Ya, kontroversi Basoeki Abdullah bahkan sampai diakhir hayatnya. Tukang kebun yang berencana merampok rumah, akhirnya membunuh beliau di kamar tidur. Saya menyaksikan sendiri suasana kamar tidur yang masih ditata sama dengan terakhir kali ditinggali oleh beliau. Menurut guide museum, bahkan tata letak barang diatur sendiri oleh sang istri, Nataya Narerat.

Kita tinggalkan sejenak kontroversi sang maestro dan beranjak ke lantai dua museum. Decak kagum tak tertahankan ketika melihat sebagian koleksi lukisan beliau.
Terbagi dalam beberapa kategori, namun jelas Basoeki Abdullah menjadikan aliran Naturalis Raelis sebagai aliran spesialisasinya. Lukisan potret presiden/pemimpin dari berbagai Negara tertata dengan apik. Sambil membaca katalog koleksi lukisan yang diberikan oleh pihak museum, rasa ingin tau saya makin membuncah. Beberapa lukisan yang menjadi favorite saya diantaranya adalah lukisan ‘bersambung’ yaitu lukisan wakil-wakil negara untuk Konferensi Asia Afrika yang terbagi menjadi 3 lukisan besar, lukisan Bawah Laut, dan Lukisan Coretan Pertama Ibu Tien.

Lukisan Coretan Pertama Ibu Tien ini menjadi unik karena sapuan cat pertama dilakukan oleh Ibu Tien Soeharto yang kemudian dijadikan satu lukisan utuh oleh Basoeki Abdullah. Sungguh brilian, menurut saya. Tentu saja hasilnya tidak perlu diragukan.

Beranjak ke Perpustakaan yang juga terletak di Lantai 2, saya kembali kagum dengan koleksi Buku Seni beliau. Sangat lengkap dan menarik. Saya yang bukan mahasiswa seni saja, merasa Perpusatakaan itu bagai ‘surga’. Rasanya ingin saya melahap habis buku yang ada disana. Sayangnya masih banyak hal yang harus saya eksplor jadi kami kembali turun ke lantai 1 dan menonton film dokumenter Basoeki Abdullah.

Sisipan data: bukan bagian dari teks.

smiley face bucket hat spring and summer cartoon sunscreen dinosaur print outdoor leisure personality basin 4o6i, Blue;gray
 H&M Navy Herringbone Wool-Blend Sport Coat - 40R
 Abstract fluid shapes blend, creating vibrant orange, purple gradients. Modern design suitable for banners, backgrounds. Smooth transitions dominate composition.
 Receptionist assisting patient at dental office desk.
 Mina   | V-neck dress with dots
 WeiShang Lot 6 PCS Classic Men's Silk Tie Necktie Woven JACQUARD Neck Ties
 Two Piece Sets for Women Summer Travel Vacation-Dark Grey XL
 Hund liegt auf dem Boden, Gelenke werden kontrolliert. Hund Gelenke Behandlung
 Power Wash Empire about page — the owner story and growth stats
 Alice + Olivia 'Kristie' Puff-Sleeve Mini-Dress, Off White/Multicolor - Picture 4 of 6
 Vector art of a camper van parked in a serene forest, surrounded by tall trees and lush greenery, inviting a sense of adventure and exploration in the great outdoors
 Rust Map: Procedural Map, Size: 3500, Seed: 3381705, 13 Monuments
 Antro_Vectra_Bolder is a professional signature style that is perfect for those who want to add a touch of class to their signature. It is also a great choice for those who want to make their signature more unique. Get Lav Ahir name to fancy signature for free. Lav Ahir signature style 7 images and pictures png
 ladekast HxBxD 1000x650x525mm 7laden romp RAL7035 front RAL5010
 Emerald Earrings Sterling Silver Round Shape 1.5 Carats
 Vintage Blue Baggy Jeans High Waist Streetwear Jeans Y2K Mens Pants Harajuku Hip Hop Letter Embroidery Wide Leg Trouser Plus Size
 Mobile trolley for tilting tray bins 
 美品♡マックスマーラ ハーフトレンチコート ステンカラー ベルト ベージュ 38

Menurut saya film tersebut dikemas dengan menarik karena mengangkat sisi keseharian Basoeki Abdullah. Mulai dari pagi hari dan berkegiatan di rumah hingga berangkat ‘ngantor’ alias melukis di satu rumah khusus yang dijadikan tempat khusus untuk bekerja/melukis. Diperlihatkan juga kedekatan beliau dengan anaknya dari pernikahan dengan Nataya Narerat, yaitu Cicilia Sidhawati.

Hari pertama berkunjung ke Museum sukses membuat kami senang karena selain mendapat banyak buku (yeay) dan berkesempatan menemui & mewawancara langsung dengan Ketua Museum Basoeki Abdullah, Bapak Joko Madsono. Duh so far beliau memang paling the best! Kenapa? Pertama background beliau ‘nyambung’. Pak Joko memang lulusan seni murni/lukis. Bahkan di ruangannya kami bisa melihat salah satu karya beliau. Kedua, sangat menyenangkan berbincang dengan beliau. Tidak pelit ilmu, jelas memberi informasi, menghargai mahasiswa sebagai peneliti (cie), suportif dan berjiwa muda. Nah, poin terakhir itu yang sebenarnya saya tunggu tunggu dari sosok seorang pemimpin museum. No wonder, staff museum juga memberikan pelayanan yang maksimal dan berbeda bila dibandingkan dengan museum lain yang kami kunjungi.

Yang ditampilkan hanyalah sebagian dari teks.